Immunity Programme for Undisclosed Small Foreign Assets
One of the key announcements in the Budget 2026 is a dedicated immunity programme for minor taxpayers regarding undisclosed small foreign assets. Sitharaman clarified that individuals who have failed to report non-immovable foreign assets with a combined value under ₹20 lakh will receive immunity from legal proceedings and prosecution. This exemption applies retrospectively from 1 October 2024, allowing holders of low-value international assets to regularize their status without facing litigation risks.
The finance minister outlined a framework for penalty and prosecution immunity in cases where underreporting extends to misreporting. Additionally, certain requirements, such as the failure to produce account books or documents and specific TDS (Tax Deducted at Source) payment obligations, have been decriminalized. This move is designed to reduce compliance burdens and foster a more supportive tax environment for everyday taxpayers.
Tax Collection at Source (TCS) Reductions and Other Measures
In a bid to streamline tax compliance, Sitharaman announced a significant cut in tax collection at source (TCS) for international expenditures.
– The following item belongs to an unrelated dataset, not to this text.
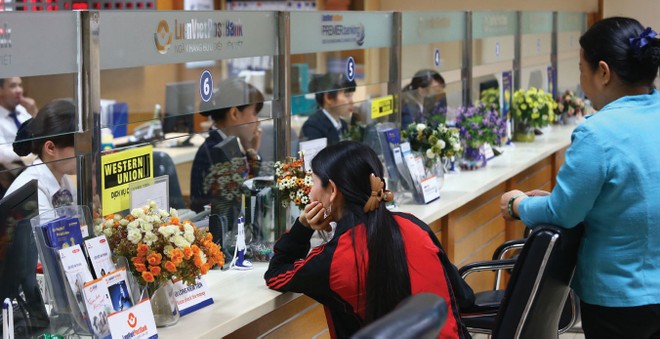 Nhiều nhà băng đề xuất chia cổ tức bằng cổ phiếu để tăng vốn, đáp ứng chuẩn mới theo Basel II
The tax collected at source for foreign tour packages has been reduced to a uniform 2%, providing relief to travelers and simplifying the process for tour operators.
Other notable measures include:
- Small taxpayers can now obtain lower or nil deduction certificates through a rule-based, automated mechanism, enhancing efficiency and reducing manual interventions.
- The window for revising tax returns has been extended from 31 December to 31 March, subject to a nominal processing fee, giving taxpayers more time to correct errors.
- For non-residents selling immovable property in India, TDS must now be handled via the resident buyer's PAN (Permanent Account Number) rather than a TAN (Tax Deduction and Collection Account Number), simplifying transactions.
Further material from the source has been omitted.